Smarter Balanced Test Scores Are Mostly Flat. Is That a Problem?
Most states that administered tests from the Smarter Balanced Assessment Consortium in 2016-17 found that achievement rates didn't really budge much from the previous year. Now a battle's broken out over how to interpret those findings.
In an opinion piece for Real Clear Education, former California testing whiz Douglas McRae and Williamson Evers, a former U.S. Department of Education appointee under George W. Bush, argued that, on average, scores improved in PARCC states but didn't improve in the states using Smarter Balanced. They claimed that it's unlikely this happened by chance, and concluded that something might be wrong with the SBAC exam. (PARCC stands for the Partnership for Assessment of Readiness for College and Careers. It's SBAC's main competitor.)
SBAC officials, as you can probably guess, say that's just not so, in this commentary written in response at The 74.
Smarter Balanced and PARCC may have fewer states using their tests than they did a few years ago, but these test scores are still vitally important, since states base public school progress reports on them. In a significant number of states, they underpin a lot of policy—including plans under the federal Every Student Succeeds Act. And test construction mishaps, while uncommon, aren't unheard of. (Just ask the District of Columbia.)
So who's right? Well, as much as it pains me to admit, there isn't a clear answer.
My illustrious colleague and predecessor on the testing beat, Catherine Gewertz, and I teamed up to get the reaction to the memo from four testing experts (psychometricians, for you nerds out there), and their conclusion was that it's nearly impossible to say without diving into the (very) wonky technicalities of test construction. Among other things, they said, such an investigation would require an examination of the pool of test questions, and probably a look at the technical reports from last year's administration of the exam.
SBAC folks are still working on a techical analysis of the 2016-17 results.
So until we know more, the best thing to do, it seems, is to lay out the arguments—and let you, readers, guide us to what else you'd like us to look into.
Why might test scores have flattened?
McRae's and Evers' analysis relies on average gains across SBAC states' grade levels, so there's actually more variation in achievement scores than might appear on first glance.
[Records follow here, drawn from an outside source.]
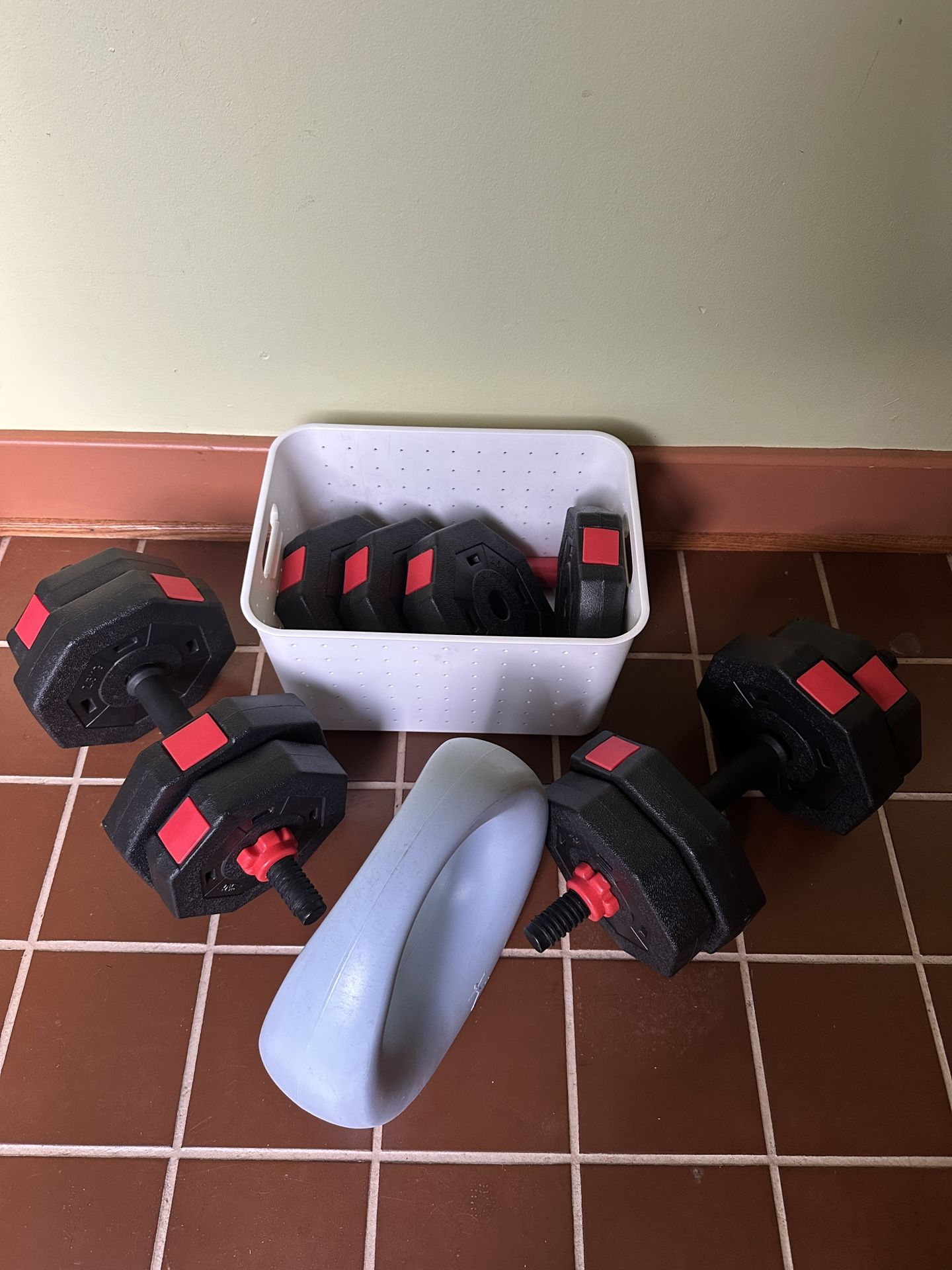 Adjustable Pair Of Dumbbells And 15 Lb Kettlebell
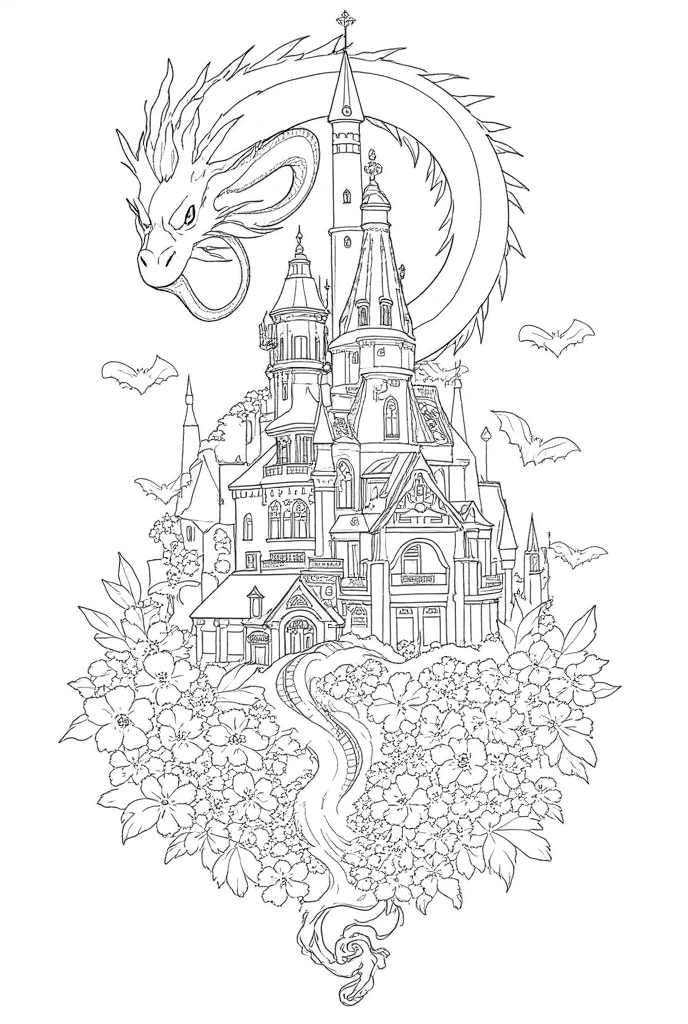 Black and white manga style drawing of an incredibly beautiful house in the style of Studio Ghibli, anime, Line art of a majestic dragon coiled around a castle tower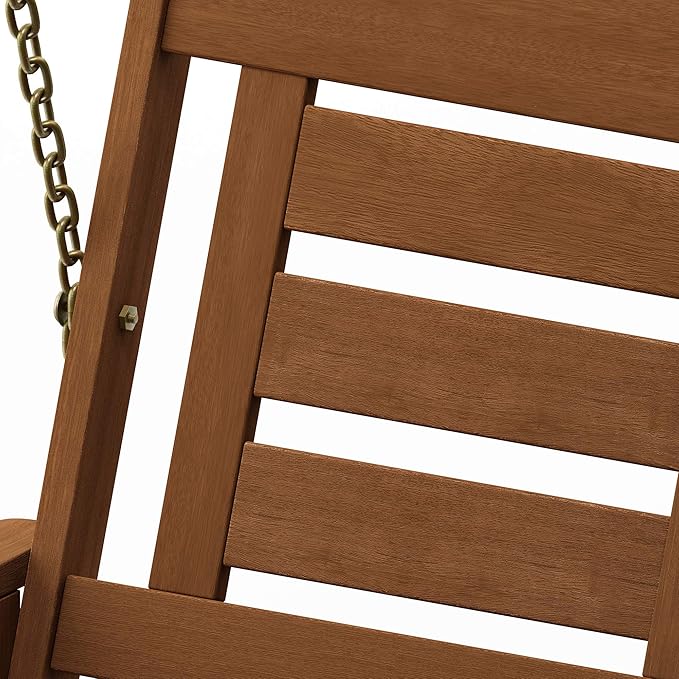 Furinno Tioman Hardwood Patio / Garden / Outdoor Large Porch Swing, 3 Seater with Hanging Frame, Natural
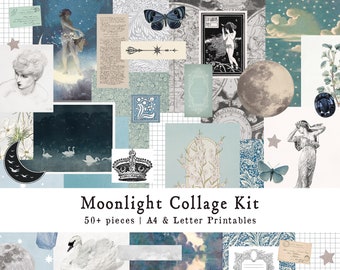 Vintage collagekit MAANLICHT, collageblad, maan, mystiek, hemels, afdrukbaar, ongewenste dagboek, plakboek, kortstondige, kieskeurige snit, digitaal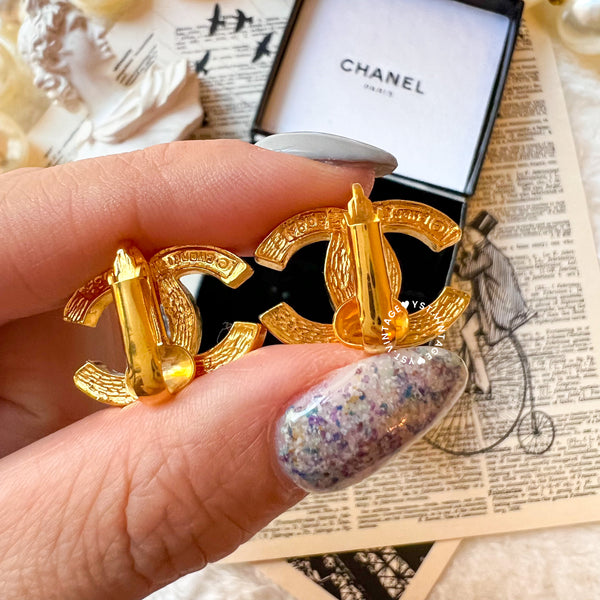 Vintage Chanel 24KGP and Rhinestone 1980s Coco Mark Ear Clips 003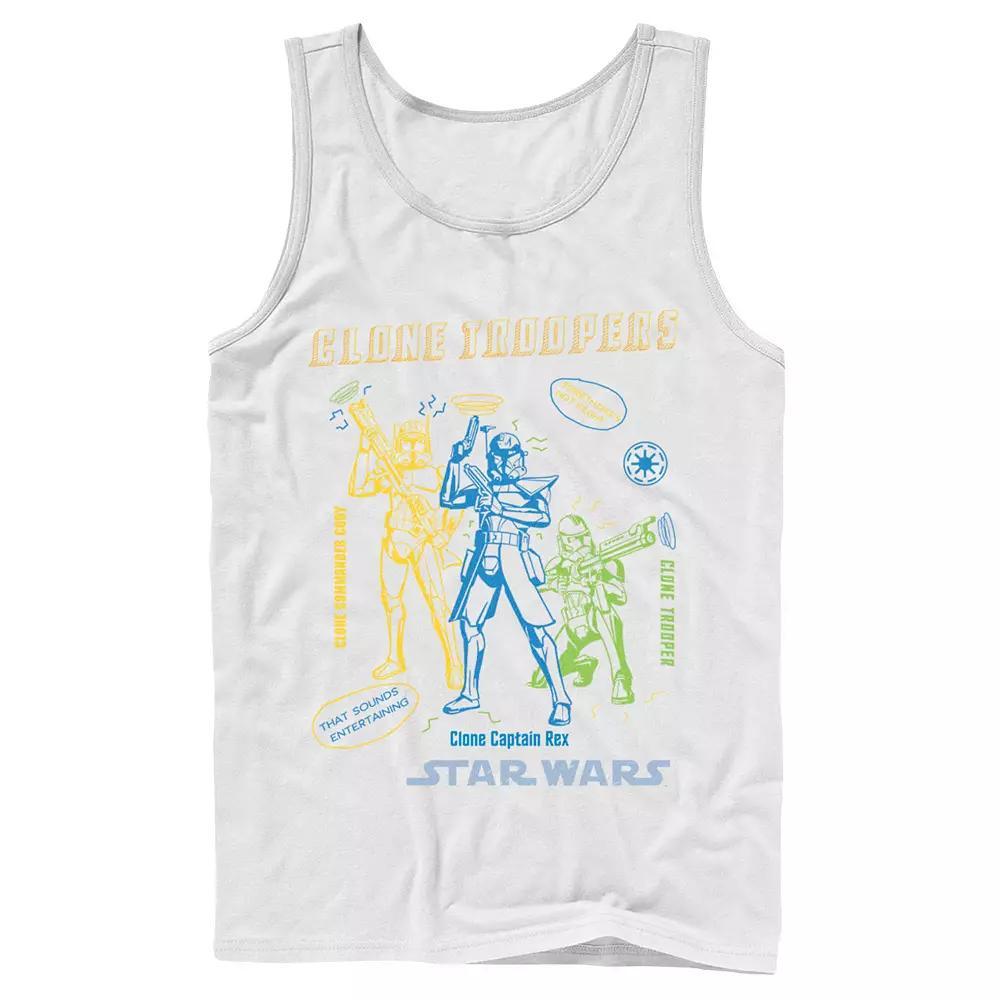 Men's Star Wars: Clone Wars Clone Troopers Doodles Tank Top, Size: Large, White Product Image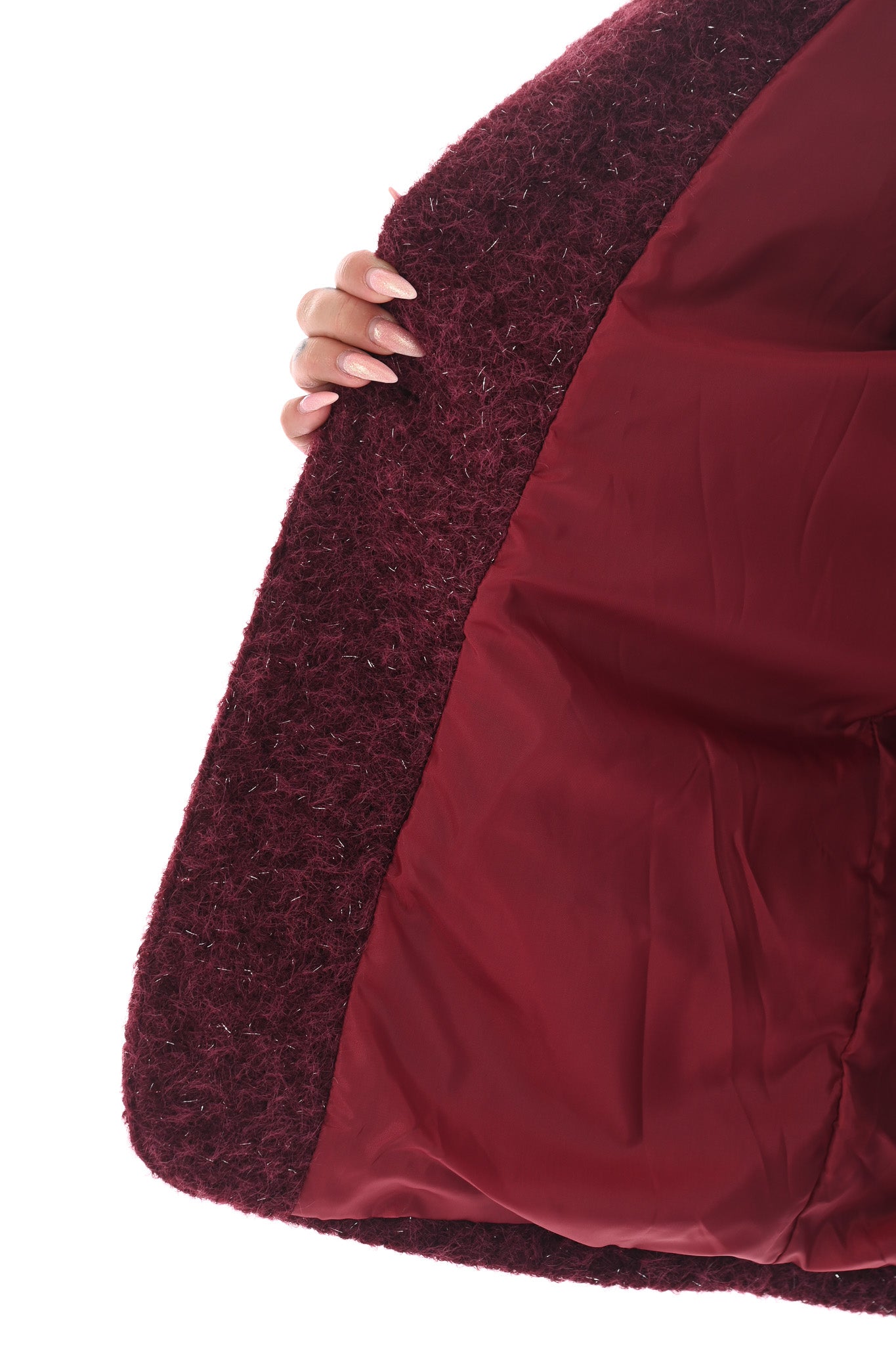 Wavy boucle blazer bordeaux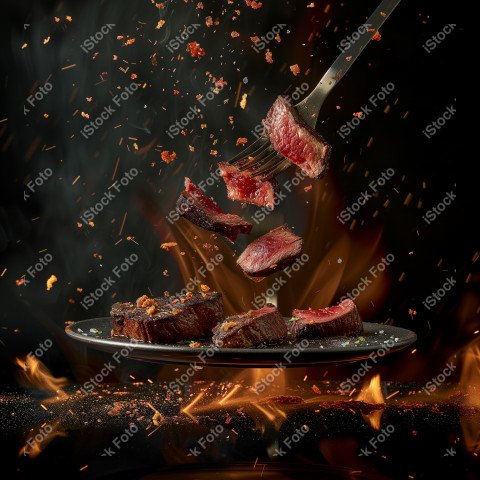 Fatias suculentas de churrasco, com chamas ao fundo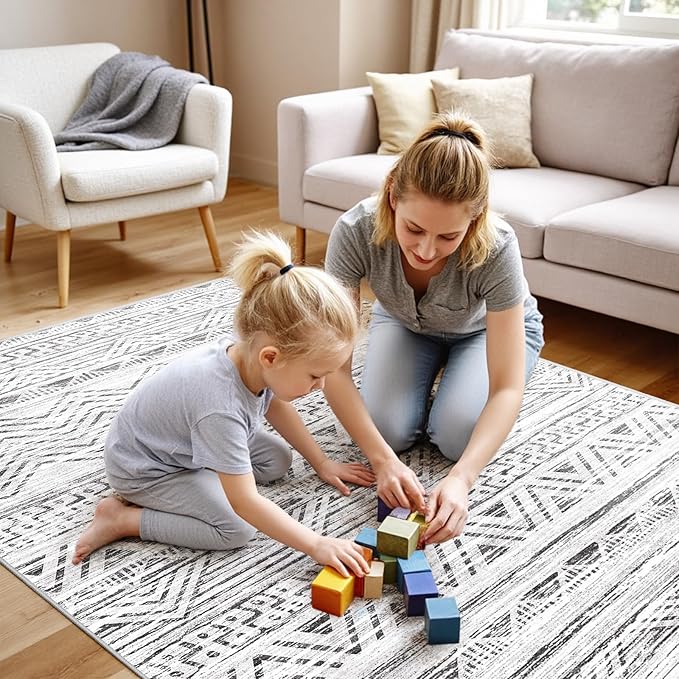 4x5 Washable Entryway Area Rug: Modern Moroccan Runner Rugs Indoor Soft Non Slip Door Mat for Living Room Low Pile Thin Floor Carpet for Kitchen Dining Room Bedroom Home Office Decor(4x5,Grey)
But overall it's correct in noting that scores on SBAC tests in both English/language arts and math were generally flat in the 2016-17 student year, compared to 2015-16.
There are a few ways to interpret flat scores. It could genuinely reflect a lack of growth in student learning—sometimes called the "plateau effect"—in student scores. This term refers to the fact that achievement on tests can flatten when students have gotten used to them—or after schools and teachers have picked the low-hanging instructional fruit, and are struggling to implement new teaching methods to move kids forward.
But the argument the critics are making is a different one: that there is a technical problem, something wrong with how the test is measuring student learning. In the memo, they suggest that perhaps the test isn't sensitive to the full range of student abilities. If you don't have enough questions to measure knowledge among the subset of students who are particularly high- or low-scoring, then you might lose the ability to capture their learning growth, they say. And the SBAC's test is adaptive—it adjusts to each test-taker's ability level—which means that you need more items, generally speaking, than on a "fixed form" test, where most kids take the same set of questions.
How is SBAC responding?
SBAC folks say they take the concerns seriously and are testing a variety of theories on the flat results.
But they reject the hypothesis that the flat scores is a function of the number of test items or the test's adaptive nature. Why? Because the consortia actually added test questions to Smarter Balanced's item bank in the 2016-17 school year, including some on the easier end of the scale, they said.
There is some evidence to back this up. A report on SBAC's website shows that it added about a third more items to the bank; and according to that report, simulations showed that they were easier items. An appendix at the back of the report also shows the range of item difficulty for the test at each grade.
SBAC Executive Director Tony Alpert said that one of the things the group is looking at is whether individual test items are performing as they did in field testing—whether they are really as "easy" or "hard" as results from those pilots indicated.
SBAC will be releasing a report around March that should contain more technical information on test-item performance, he said. (The full technical report from the 2016-17 SBAC is due out in August.)
So that's where we are for now. I'll be looking forward to seeing these forthcoming reports—but as always, we'd love to hear if there's anything else you want to know about this situation. I'm sure SBAC folks will want to know, too.